Repeat all entries word for word; skip images.

START DATA UNDER STUDY

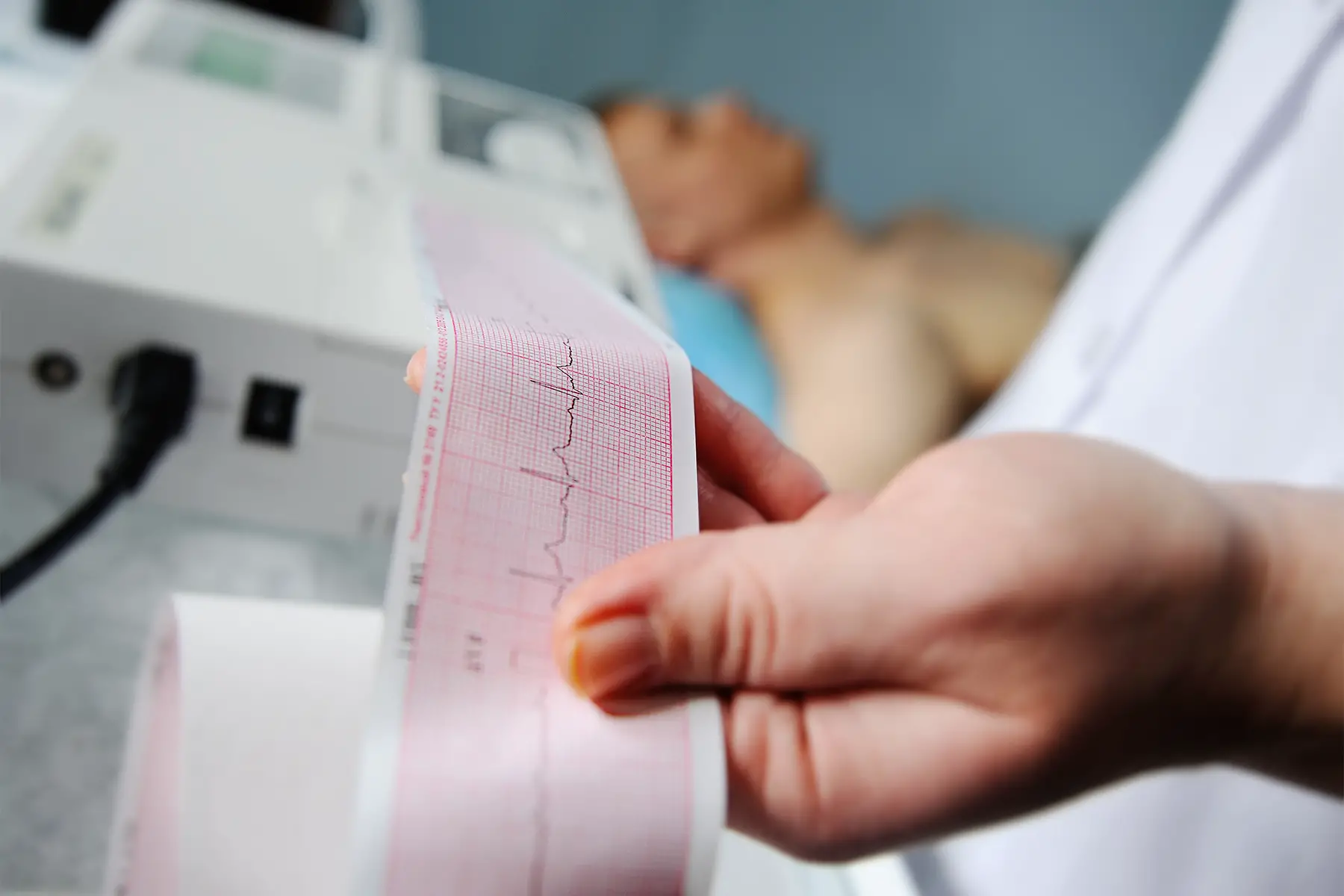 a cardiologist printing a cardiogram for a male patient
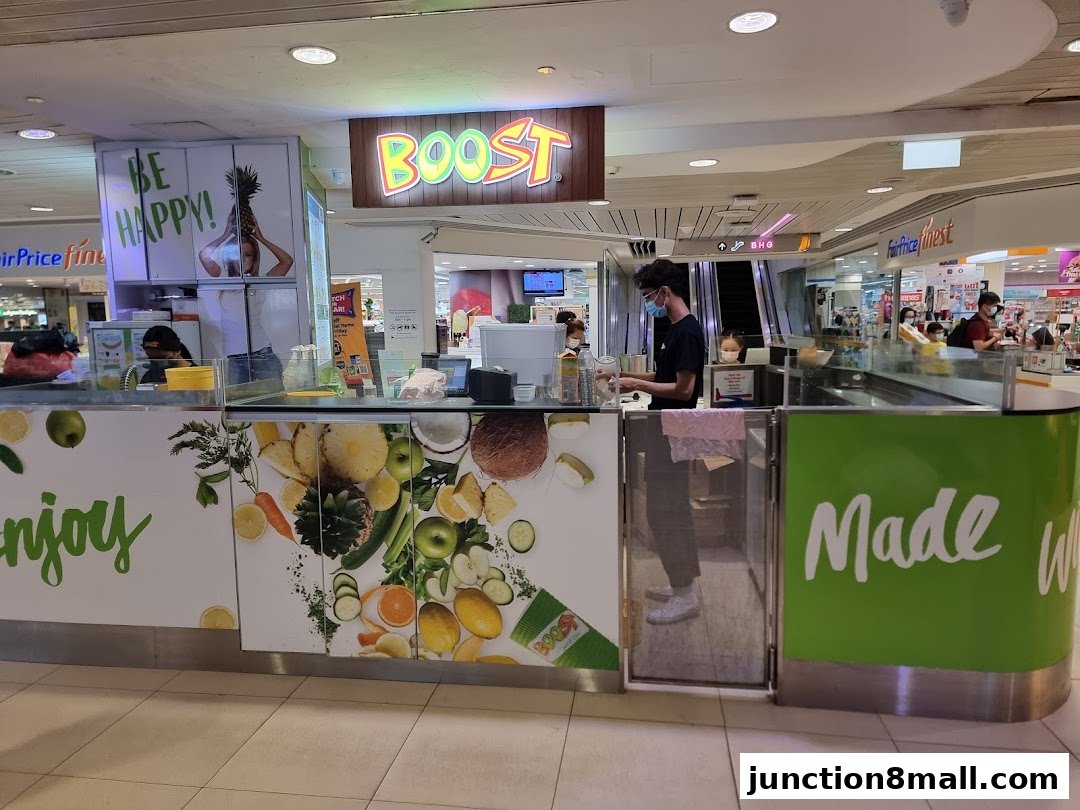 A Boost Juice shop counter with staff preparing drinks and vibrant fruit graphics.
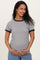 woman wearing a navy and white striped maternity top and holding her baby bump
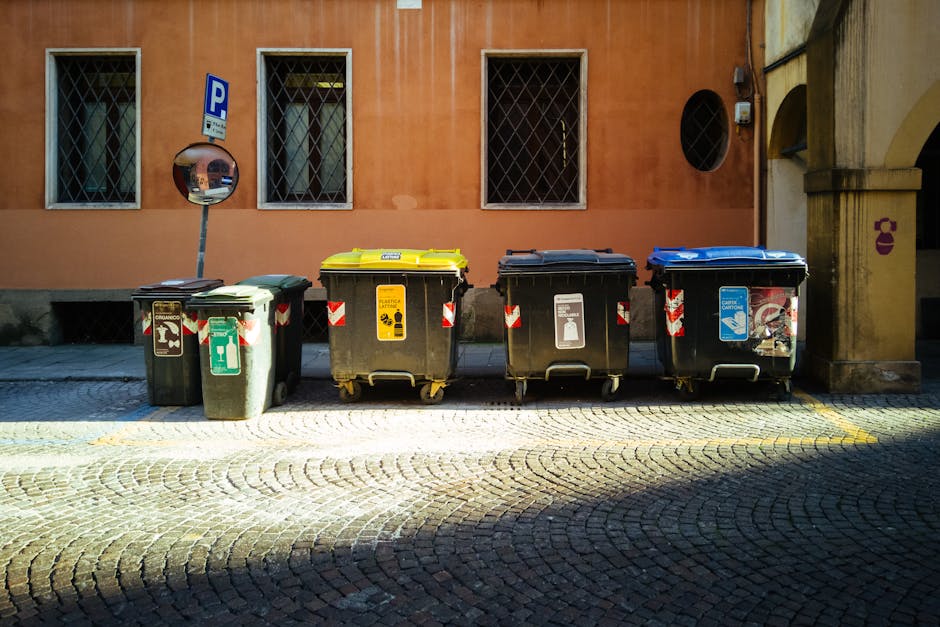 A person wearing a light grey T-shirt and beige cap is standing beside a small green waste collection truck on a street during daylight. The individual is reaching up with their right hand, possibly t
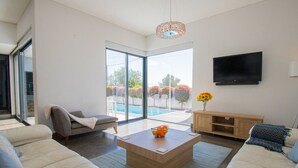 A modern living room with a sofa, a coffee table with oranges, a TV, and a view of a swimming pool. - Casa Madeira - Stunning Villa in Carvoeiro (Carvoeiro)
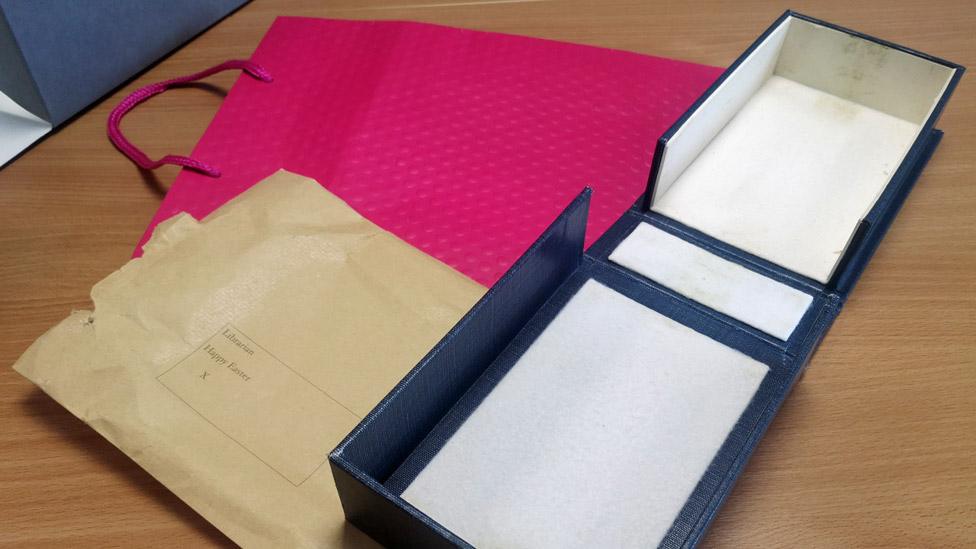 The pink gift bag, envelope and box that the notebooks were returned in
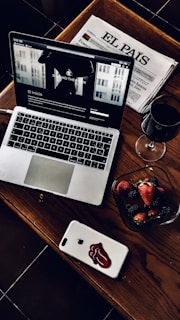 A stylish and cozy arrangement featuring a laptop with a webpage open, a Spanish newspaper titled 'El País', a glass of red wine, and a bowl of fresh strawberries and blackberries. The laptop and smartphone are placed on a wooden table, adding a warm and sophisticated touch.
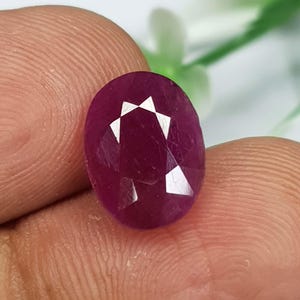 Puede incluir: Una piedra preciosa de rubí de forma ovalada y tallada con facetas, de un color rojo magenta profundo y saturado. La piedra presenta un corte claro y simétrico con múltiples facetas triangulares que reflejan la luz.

END DATA UNDER STUDY

RESULT BELOW
 a cardiologist printing a cardiogram for a male patient
 A Boost Juice shop counter with staff preparing drinks and vibrant fruit graphics.
 woman wearing a navy and white striped maternity top and holding her baby bump
 A person wearing a light grey T-shirt and beige cap is standing beside a small green waste collection truck on a street during daylight. The individual is reaching up with their right hand, possibly t
 A modern living room with a sofa, a coffee table with oranges, a TV, and a view of a swimming pool. - Casa Madeira - Stunning Villa in Carvoeiro (Carvoeiro)
 The pink gift bag, envelope and box that the notebooks were returned in
 A stylish and cozy arrangement featuring a laptop with a webpage open, a Spanish newspaper titled 'El País', a glass of red wine, and a bowl of fresh strawberries and blackberries. The laptop and smartphone are placed on a wooden table, adding a warm and sophisticated touch.
 Puede incluir: Una piedra preciosa de rubí de forma ovalada y tallada con facetas, de un color rojo magenta profundo y saturado. La piedra presenta un corte claro y simétrico con múltiples facetas triangulares que reflejan la luz.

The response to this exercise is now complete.